◆ **Record set**:
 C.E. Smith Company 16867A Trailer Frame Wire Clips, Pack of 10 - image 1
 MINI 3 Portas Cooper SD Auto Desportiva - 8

---

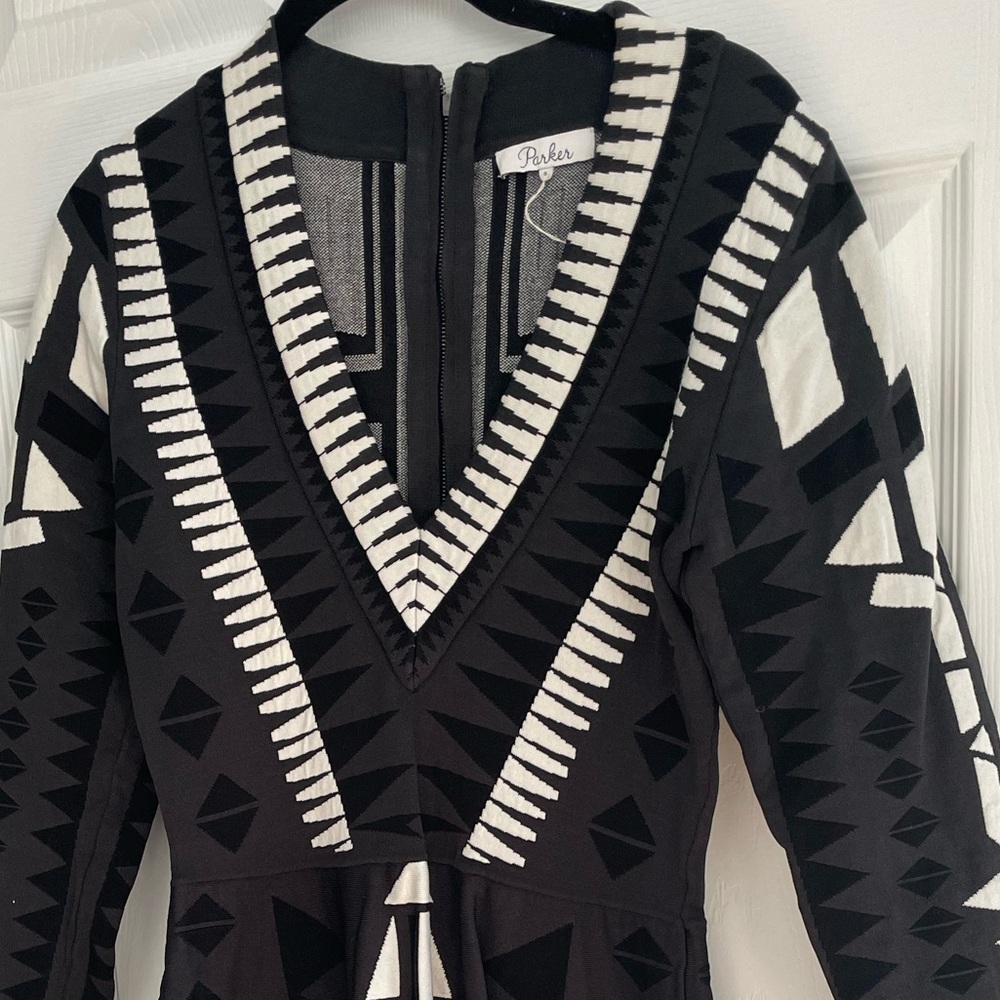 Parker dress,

◆ **Work instructions**: The required answer is the exact run of lines above starting at the line with "C.E. Smith Company" and ending at the line with "MINI 3 Portas Cooper SD Auto Desportiva - 8", with both ends present.

◆ **Response area**:
 C.E. Smith Company 16867A Trailer Frame Wire Clips, Pack of 10 - image 1
 MINI 3 Portas Cooper SD Auto Desportiva - 8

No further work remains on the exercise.